Wicked Things is a new six-issue series by John Allison and Max Sarin (check out my interview with Allison this Sunday) spinning out of Allison’s universe of characters and series some call the Tackleverse. This series utilizes a character from his webcomic Scary Go Round that also appeared in his much-acclaimed Giant Days series. Though this is a character some may be familiar with, this first issue is a good starting point for those unaware of Allison’s work and who just want a good whodunnit story.
The book opens with 19-year-old Charlotte “Lottie” Grote living with her mother and totally not living her best life. Or so she thinks. Soon she’s whisked off for an awards ceremony for young detectives and getting herself into a bit of trouble as a mystery begins anew. Allison and artist Max Sarin are incredibly gifted at making characters look, act, and feel real in their stories. Charlotte is no different and it’s interesting to see her quirks as you begin to get to know her. There is a layering of detail on the page that’s quite intriguing, from the environment of Charlotte’s bedroom to the level of detail put into a magazine cover or even a gummy bear package. Body language of Charlotte is impeccable too and Sarin’s ability to craft character acting that is fun and vibrant on top of the realism is quite something.

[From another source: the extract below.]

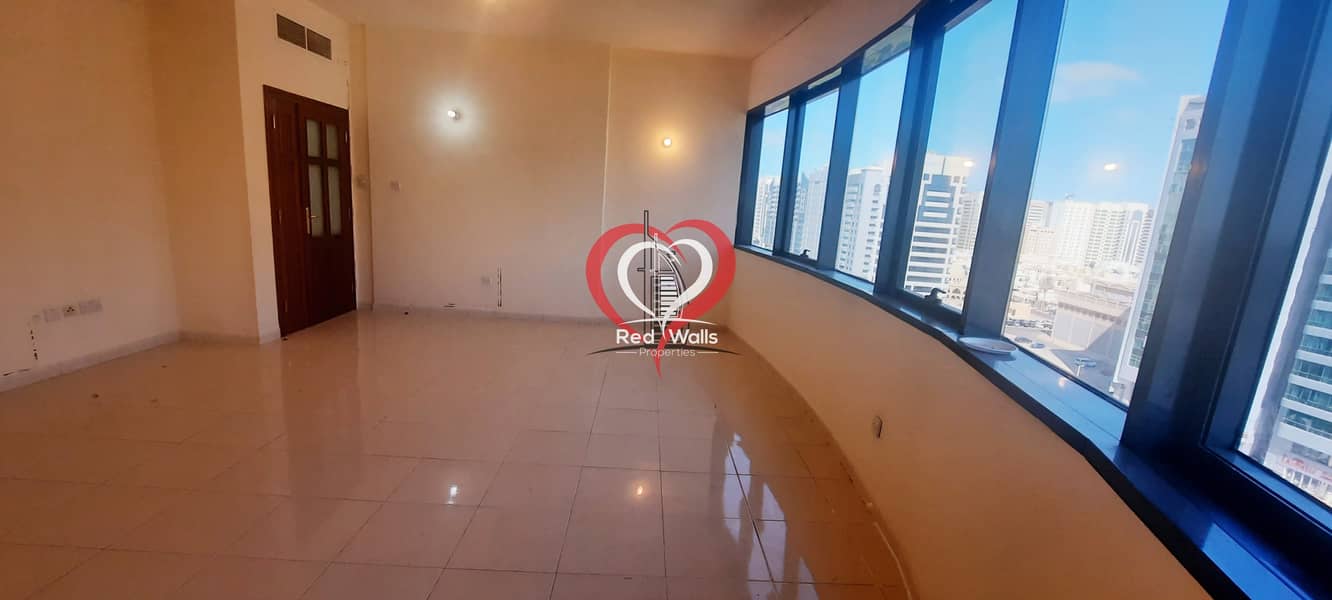 Spacious Flat with 3 Bedroom and a Hall and 3 Bathroom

This book does well to layer in detail to keep the detective fan happy. I won’t spoil a thing, but it’s quite clear there are key scenes and small details to keep track of to help follow Charlotte’s journey to find the truth.
Props to color artist Whitney Cogar as well, who captures a vibrant and bright world similar to Giant Days. There are quite a few impressive scenes using light to add realism to the book too like the headlights of a car and in the same scene the shadows cast from it. Cogar does a great job adding volume to the characters stretching their cartoony looks into something even more real.
I had a blast reading Wicked Things and following the quirky and at times funny Charlotte who stumbles into things with impeccable grace. Wicked Things has a cleverness that’s as cheerfully contagious as it is endearing.